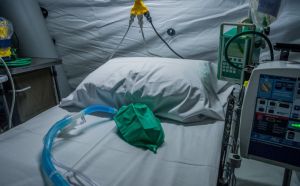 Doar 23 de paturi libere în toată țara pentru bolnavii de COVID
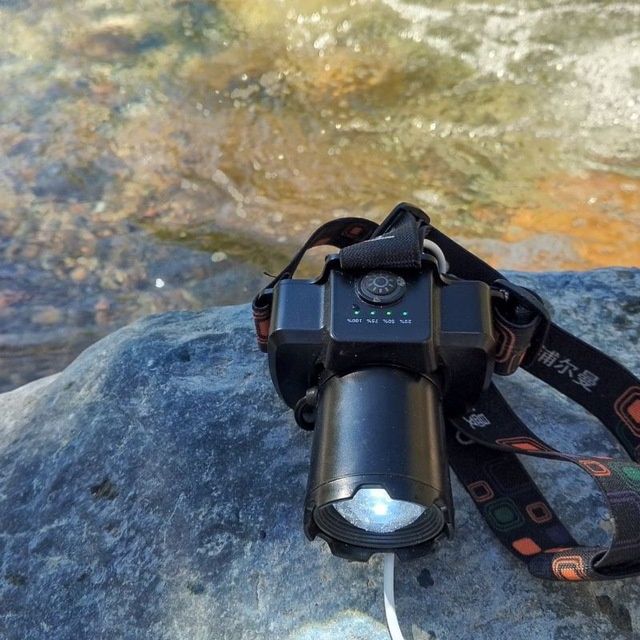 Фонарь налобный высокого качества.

^^^^^^^^^^^^^^^^

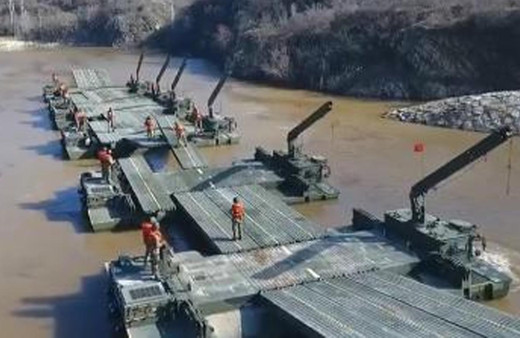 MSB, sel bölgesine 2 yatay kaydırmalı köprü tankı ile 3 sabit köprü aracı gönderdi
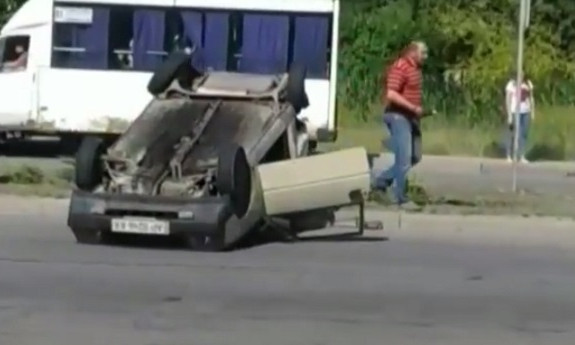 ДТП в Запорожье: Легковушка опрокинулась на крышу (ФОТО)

^^^^^^^^^^^^^^^^

*WHAT NEEDS TO BE DONE:*
Looking at the listing above, which lines run from the one containing "Doar 23 de paturi" through the one containing "Фонарь налобный высокого качества."? Print exactly those, ends included, pictures excluded.

*YOUR RESPONSE:*
 Doar 23 de paturi libere în toată țara pentru bolnavii de COVID
 Фонарь налобный высокого качества.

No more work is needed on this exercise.